→ **The task**
The printed result should hold only the lines from the opening of the data through the line bearing "katsura tree thumbnail 2", exactly as given and without pictures.

Scraped caption text data

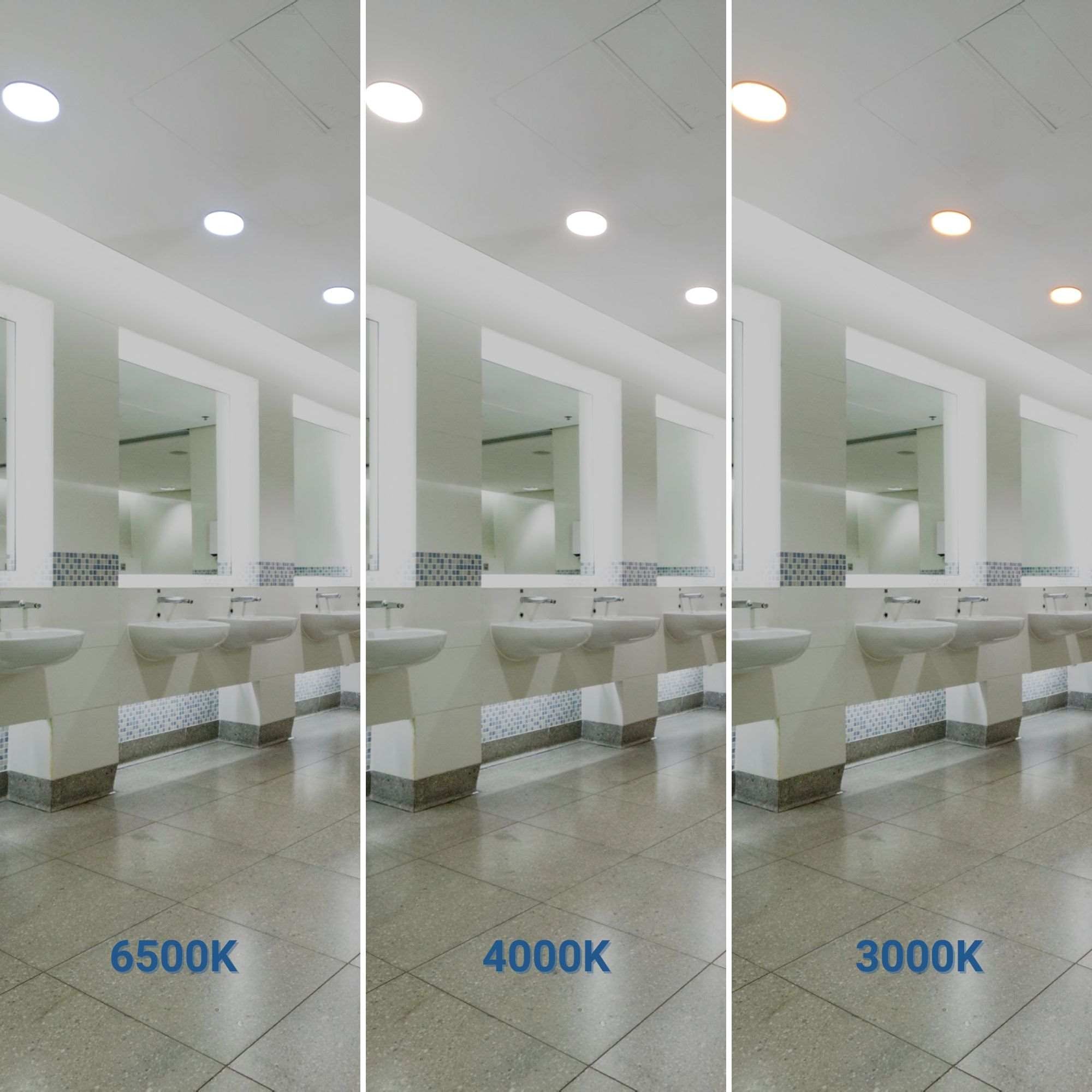 Plafón LED estanco CCT con sensor de movimiento por microondas - 24W - Ø28cm - IP65 (20)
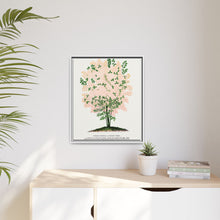 Purple Fringe tree lithograph. Digitally enhanced from our own original 1900 edition plates of Botanical Specimen published by Rochester Lithographing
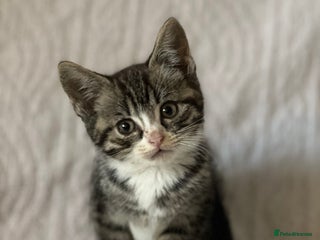 British Shorthair cats - Advert 2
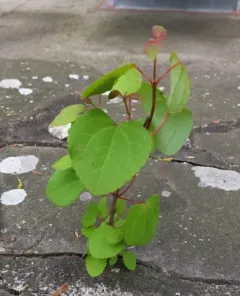 katsura tree thumbnail 2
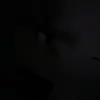 Evan Roche - @evanroche - TikTok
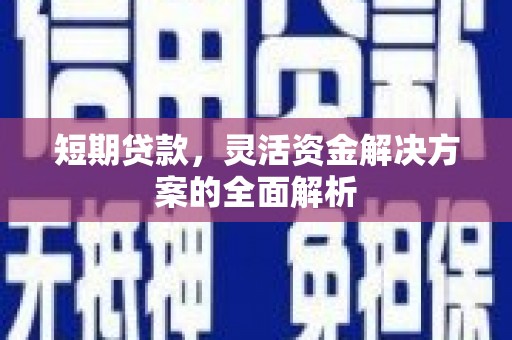 浔阳短期贷款，灵活资金解决方案的全面解析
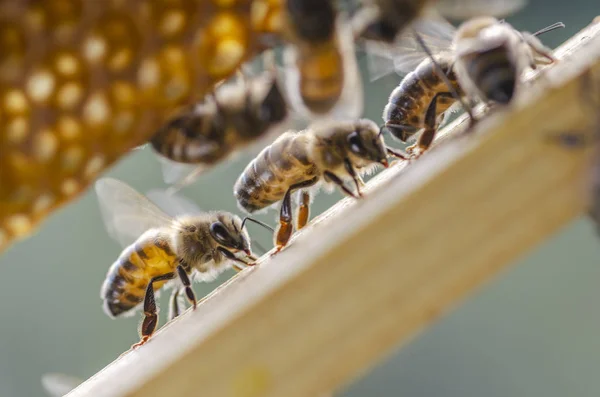 Трудолюбивые Пчелы Сотах Пасеке Конце Лета — стоковое фото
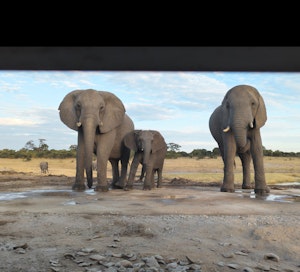 Elephants © Patti Collins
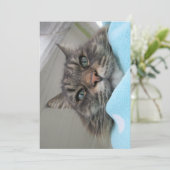 Carte Jolie Maine Maine Coon Kitty Day Dream (Debout devant)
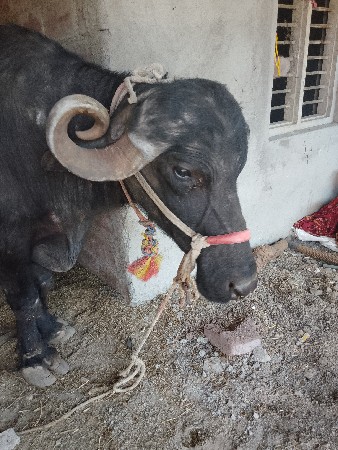 ભેંસ વેચવાની છે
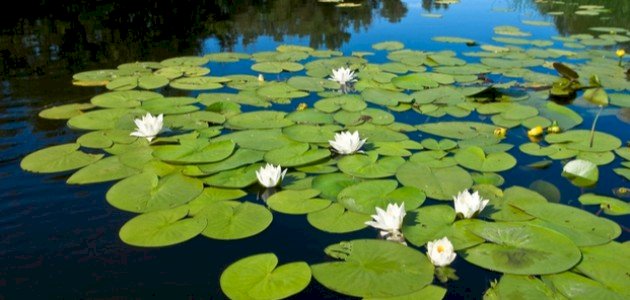 تكيف النباتات في البيئة المائية تكيف النباتات في البيئة المائية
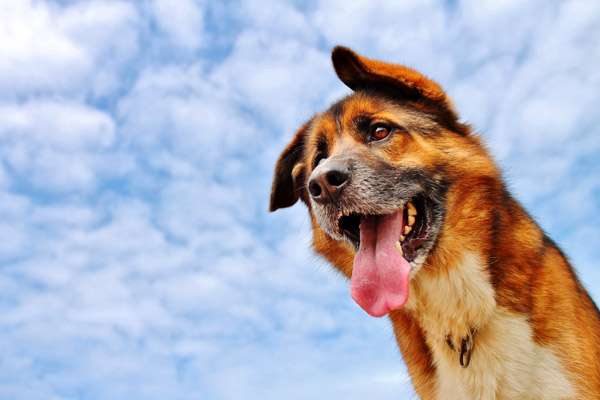 Собака на фоне голубого неба, фото фотография собаки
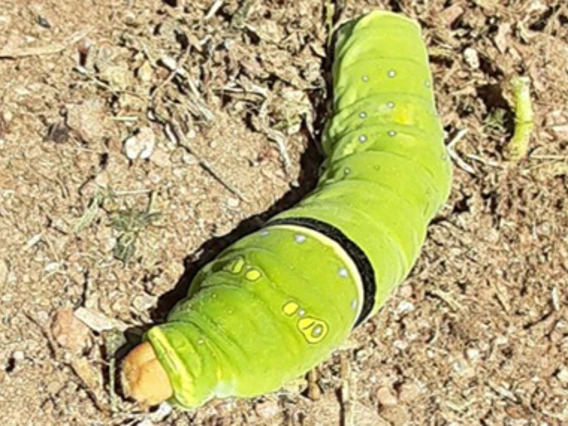 Large lime green caterpillar with black band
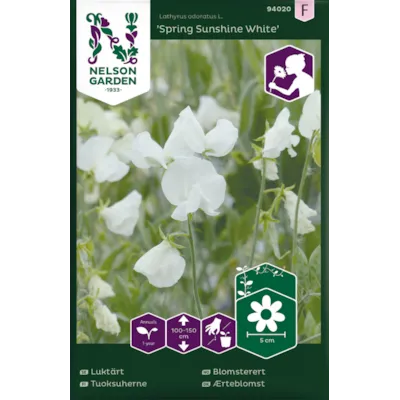 Frø blomsterert Spring Sunshine White
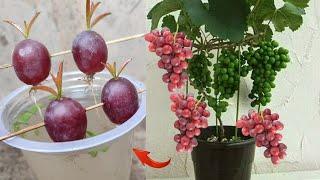 Best Skills how to grow Grape tree from grape fruit in water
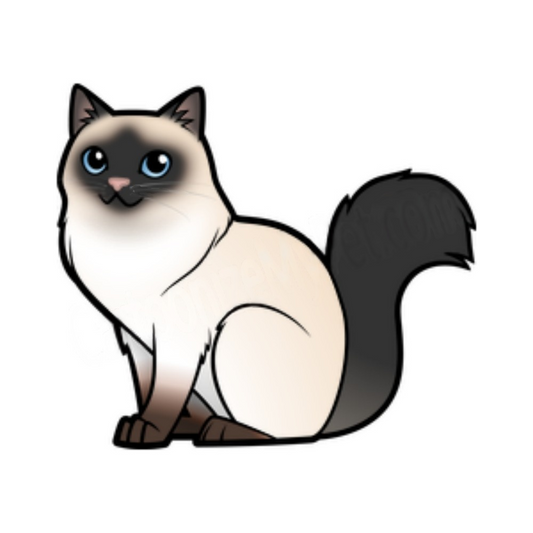 Ragdoll Cat | Diamond Painting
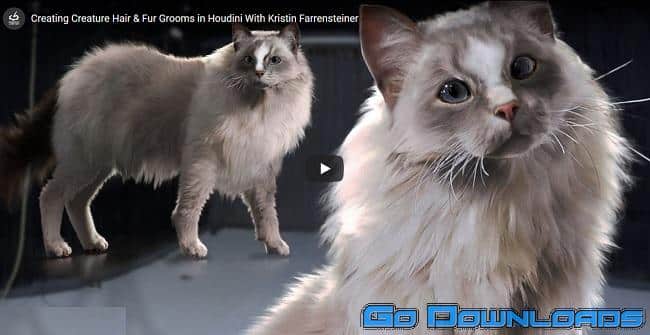 The Gnomon Workshop Creating Creature Hair & Fur Grooms in Houdini with Kristin Farrensteiner Free Download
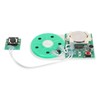 Writeable Sound Chip, Sound Voice Recording Playback Module with Double-Sided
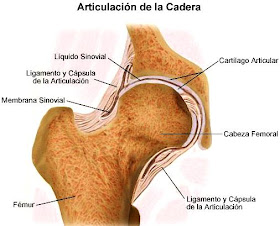 Imagen de la Articulación de la cadera e indicando sus partes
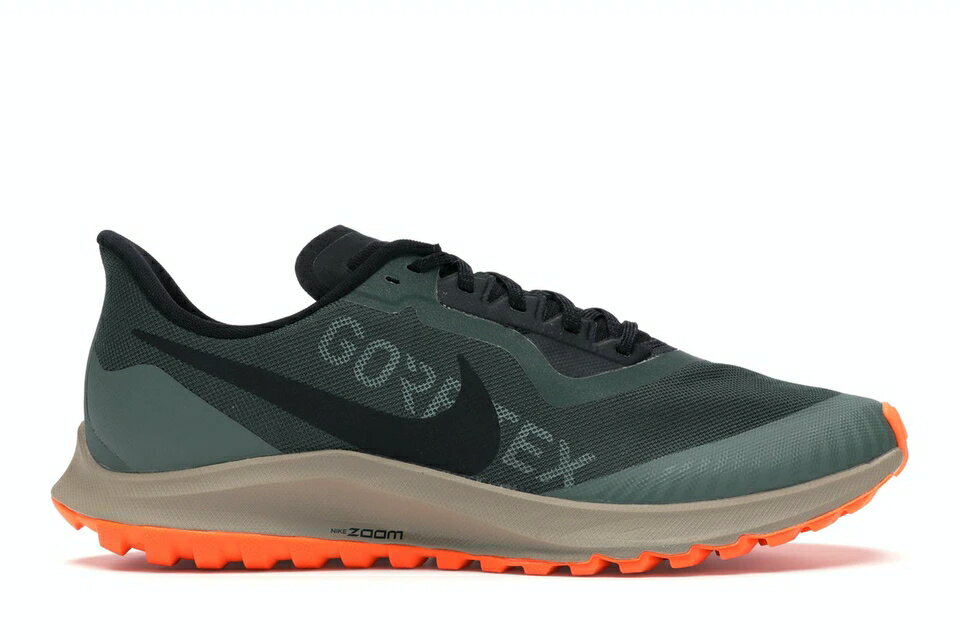 ナイキ NIKE ズーム ペガサス ゴアテックス ズームペガサス スニーカー 【 36 TRAIL GORETEX GALACTIC JADE BLACK 】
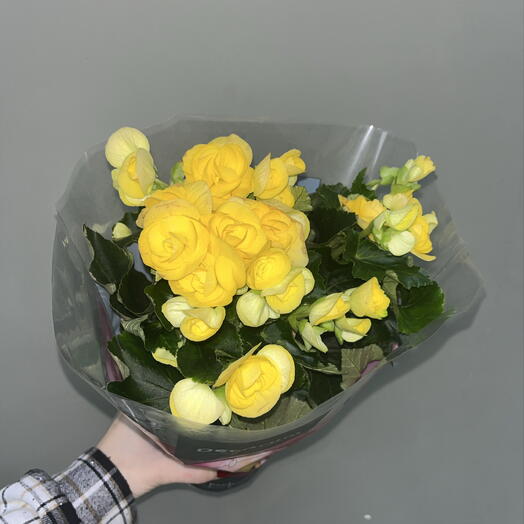 Бегония клубневая желтая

→ **Task solution**
 Plafón LED estanco CCT con sensor de movimiento por microondas - 24W - Ø28cm - IP65 (20)
 Purple Fringe tree lithograph. Digitally enhanced from our own original 1900 edition plates of Botanical Specimen published by Rochester Lithographing
 British Shorthair cats - Advert 2
 katsura tree thumbnail 2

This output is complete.